▶ **REQUIREMENT**
Restate word for word the entries below, starting with the line with "纯粹系列-多面泥盆/质感白 - 植栽/盆栽 - 水泥 白色" and continuing through the line with "TypeO Font examples". Include both of those lines and no others.

▶ **RECORDS FOR PROCESSING**
▬▬▬▬▬▬

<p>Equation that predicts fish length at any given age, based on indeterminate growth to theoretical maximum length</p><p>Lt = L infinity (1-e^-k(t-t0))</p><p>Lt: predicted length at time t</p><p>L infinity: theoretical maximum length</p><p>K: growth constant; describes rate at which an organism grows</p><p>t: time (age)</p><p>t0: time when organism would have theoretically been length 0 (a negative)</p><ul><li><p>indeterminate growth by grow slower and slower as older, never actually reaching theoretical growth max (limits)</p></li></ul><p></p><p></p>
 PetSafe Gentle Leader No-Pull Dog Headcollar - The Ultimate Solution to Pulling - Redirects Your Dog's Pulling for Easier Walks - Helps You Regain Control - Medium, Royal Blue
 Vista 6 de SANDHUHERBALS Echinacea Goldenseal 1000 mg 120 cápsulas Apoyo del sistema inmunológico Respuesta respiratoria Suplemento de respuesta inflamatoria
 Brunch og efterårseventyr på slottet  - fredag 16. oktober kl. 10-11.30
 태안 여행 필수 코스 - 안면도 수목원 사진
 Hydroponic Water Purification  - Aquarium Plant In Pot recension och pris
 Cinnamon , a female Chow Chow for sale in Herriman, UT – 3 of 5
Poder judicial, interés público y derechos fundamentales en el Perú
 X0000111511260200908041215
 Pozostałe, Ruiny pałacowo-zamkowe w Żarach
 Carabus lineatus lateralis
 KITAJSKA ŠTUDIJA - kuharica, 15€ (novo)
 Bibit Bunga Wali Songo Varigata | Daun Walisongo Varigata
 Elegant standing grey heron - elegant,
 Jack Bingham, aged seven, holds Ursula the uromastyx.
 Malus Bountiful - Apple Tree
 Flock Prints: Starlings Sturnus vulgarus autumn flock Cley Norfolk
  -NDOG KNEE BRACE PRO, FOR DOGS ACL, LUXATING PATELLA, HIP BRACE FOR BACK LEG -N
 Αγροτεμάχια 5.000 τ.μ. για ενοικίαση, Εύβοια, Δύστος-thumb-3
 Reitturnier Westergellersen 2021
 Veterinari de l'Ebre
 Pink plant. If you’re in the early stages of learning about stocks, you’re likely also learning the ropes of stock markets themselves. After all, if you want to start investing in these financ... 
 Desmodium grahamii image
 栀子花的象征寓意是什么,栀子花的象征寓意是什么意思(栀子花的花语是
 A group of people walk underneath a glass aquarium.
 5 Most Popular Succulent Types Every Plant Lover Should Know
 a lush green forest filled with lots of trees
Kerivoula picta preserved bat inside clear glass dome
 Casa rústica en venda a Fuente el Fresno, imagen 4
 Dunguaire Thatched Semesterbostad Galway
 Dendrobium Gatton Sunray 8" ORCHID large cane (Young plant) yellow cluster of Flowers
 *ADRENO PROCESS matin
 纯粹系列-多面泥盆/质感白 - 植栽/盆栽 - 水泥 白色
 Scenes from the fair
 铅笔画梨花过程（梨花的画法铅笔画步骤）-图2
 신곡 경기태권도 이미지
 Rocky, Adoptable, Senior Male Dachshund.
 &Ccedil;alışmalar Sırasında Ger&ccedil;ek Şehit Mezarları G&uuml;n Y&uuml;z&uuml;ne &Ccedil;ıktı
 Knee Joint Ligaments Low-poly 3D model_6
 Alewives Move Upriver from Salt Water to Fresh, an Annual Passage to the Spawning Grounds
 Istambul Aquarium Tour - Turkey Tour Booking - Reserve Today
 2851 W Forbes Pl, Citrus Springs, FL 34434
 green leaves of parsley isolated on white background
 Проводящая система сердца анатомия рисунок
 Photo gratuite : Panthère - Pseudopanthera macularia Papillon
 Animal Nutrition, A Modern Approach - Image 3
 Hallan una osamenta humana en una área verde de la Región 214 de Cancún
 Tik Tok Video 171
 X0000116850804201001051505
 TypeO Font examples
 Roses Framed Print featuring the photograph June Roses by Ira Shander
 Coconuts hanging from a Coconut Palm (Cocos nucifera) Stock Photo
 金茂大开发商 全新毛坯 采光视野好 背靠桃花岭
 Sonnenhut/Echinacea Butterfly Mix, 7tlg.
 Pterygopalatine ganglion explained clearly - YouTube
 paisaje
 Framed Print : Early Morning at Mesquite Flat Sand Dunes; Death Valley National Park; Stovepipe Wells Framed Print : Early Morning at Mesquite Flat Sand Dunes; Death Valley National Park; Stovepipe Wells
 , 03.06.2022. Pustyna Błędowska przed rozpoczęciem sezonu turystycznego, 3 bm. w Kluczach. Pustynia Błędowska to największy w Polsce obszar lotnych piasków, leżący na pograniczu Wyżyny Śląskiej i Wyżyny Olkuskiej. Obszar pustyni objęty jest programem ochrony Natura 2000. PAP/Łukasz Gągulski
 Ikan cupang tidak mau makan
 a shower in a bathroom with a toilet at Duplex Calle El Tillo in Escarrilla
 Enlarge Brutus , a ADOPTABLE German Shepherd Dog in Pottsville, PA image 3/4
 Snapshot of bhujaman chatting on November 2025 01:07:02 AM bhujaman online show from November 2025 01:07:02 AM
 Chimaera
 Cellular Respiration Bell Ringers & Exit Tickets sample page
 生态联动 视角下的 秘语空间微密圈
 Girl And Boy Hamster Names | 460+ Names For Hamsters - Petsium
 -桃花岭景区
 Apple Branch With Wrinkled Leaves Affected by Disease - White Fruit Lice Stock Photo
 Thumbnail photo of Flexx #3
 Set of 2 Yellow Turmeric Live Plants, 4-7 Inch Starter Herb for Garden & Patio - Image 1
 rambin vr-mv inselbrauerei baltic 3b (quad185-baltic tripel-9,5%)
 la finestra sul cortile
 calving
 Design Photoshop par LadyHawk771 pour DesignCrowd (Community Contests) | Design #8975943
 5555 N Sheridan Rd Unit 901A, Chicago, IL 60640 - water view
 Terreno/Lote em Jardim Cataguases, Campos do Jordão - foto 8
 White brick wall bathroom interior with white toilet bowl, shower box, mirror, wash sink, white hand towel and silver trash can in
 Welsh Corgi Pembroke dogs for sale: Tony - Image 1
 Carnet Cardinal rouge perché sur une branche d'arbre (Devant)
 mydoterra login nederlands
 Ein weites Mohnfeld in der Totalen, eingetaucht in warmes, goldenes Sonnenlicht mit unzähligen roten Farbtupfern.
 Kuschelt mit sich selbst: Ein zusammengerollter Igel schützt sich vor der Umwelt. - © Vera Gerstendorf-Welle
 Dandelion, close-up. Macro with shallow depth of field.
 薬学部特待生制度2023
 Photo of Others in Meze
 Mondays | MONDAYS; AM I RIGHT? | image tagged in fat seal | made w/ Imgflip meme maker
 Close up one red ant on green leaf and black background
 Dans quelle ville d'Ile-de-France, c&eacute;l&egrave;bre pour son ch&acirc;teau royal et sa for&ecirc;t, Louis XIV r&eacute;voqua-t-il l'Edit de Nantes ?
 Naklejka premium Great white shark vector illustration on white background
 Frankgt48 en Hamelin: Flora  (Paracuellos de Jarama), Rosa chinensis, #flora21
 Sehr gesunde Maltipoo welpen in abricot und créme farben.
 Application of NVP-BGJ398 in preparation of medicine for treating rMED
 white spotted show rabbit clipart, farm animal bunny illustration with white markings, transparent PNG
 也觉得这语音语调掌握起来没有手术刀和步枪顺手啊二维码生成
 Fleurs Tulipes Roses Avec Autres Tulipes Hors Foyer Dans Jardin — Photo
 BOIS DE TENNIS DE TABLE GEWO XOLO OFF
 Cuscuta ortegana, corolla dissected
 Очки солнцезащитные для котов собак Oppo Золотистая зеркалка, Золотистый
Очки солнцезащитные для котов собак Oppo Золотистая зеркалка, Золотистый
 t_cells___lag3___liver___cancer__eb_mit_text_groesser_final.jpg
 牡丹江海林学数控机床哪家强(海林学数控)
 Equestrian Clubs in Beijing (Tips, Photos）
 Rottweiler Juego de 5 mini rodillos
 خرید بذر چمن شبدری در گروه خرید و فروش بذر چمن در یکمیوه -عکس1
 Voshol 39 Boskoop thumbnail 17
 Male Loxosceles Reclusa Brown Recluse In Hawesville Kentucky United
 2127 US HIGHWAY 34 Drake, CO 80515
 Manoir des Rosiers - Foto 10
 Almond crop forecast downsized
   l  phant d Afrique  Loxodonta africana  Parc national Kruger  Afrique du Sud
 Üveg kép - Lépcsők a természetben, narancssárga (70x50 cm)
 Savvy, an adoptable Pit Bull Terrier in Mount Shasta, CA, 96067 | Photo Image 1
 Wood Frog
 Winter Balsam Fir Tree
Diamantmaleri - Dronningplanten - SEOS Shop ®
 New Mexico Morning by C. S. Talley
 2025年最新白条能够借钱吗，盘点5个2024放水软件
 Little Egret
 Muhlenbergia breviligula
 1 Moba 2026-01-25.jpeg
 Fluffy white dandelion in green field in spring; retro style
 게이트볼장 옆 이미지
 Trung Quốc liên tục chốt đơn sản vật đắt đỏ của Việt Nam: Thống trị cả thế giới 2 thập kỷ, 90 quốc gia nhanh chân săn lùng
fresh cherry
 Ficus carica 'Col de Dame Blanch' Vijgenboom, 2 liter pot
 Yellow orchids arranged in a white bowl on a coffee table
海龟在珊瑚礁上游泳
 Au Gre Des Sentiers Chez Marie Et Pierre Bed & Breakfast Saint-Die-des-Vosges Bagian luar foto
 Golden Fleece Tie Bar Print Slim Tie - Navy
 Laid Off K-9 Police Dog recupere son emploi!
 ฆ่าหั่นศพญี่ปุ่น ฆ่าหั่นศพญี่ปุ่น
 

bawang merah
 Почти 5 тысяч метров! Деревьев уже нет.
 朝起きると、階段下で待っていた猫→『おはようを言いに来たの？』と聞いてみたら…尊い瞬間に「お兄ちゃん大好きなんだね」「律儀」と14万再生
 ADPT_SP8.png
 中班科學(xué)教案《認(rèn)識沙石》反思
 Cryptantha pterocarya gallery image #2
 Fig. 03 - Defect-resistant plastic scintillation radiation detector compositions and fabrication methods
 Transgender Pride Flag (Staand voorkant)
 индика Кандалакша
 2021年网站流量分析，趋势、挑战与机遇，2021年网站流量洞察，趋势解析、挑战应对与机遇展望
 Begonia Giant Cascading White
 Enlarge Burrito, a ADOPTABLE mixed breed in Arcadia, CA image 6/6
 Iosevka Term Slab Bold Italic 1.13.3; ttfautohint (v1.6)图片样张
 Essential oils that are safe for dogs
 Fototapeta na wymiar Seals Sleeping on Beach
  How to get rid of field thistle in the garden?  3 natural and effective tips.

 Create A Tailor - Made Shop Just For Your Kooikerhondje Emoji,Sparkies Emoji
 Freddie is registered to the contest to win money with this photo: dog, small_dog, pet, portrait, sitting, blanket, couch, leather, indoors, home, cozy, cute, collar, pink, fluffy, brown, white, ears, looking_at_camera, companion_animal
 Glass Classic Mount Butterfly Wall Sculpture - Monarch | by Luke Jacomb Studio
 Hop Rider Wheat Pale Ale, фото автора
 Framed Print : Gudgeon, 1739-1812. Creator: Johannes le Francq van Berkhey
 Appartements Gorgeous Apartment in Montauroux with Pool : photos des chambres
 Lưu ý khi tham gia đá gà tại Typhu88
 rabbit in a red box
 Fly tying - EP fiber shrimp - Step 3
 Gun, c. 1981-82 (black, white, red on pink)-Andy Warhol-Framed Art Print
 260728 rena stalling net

▬▬▬▬▬▬

▶ **RESPONSE TO THIS EXERCISE**
 纯粹系列-多面泥盆/质感白 - 植栽/盆栽 - 水泥 白色
 Scenes from the fair
 铅笔画梨花过程（梨花的画法铅笔画步骤）-图2
 신곡 경기태권도 이미지
 Rocky, Adoptable, Senior Male Dachshund.
 &Ccedil;alışmalar Sırasında Ger&ccedil;ek Şehit Mezarları G&uuml;n Y&uuml;z&uuml;ne &Ccedil;ıktı
 Knee Joint Ligaments Low-poly 3D model_6
 Alewives Move Upriver from Salt Water to Fresh, an Annual Passage to the Spawning Grounds
 Istambul Aquarium Tour - Turkey Tour Booking - Reserve Today
 2851 W Forbes Pl, Citrus Springs, FL 34434
 green leaves of parsley isolated on white background
 Проводящая система сердца анатомия рисунок
 Photo gratuite : Panthère - Pseudopanthera macularia Papillon
 Animal Nutrition, A Modern Approach - Image 3
 Hallan una osamenta humana en una área verde de la Región 214 de Cancún
 Tik Tok Video 171
 X0000116850804201001051505
 TypeO Font examples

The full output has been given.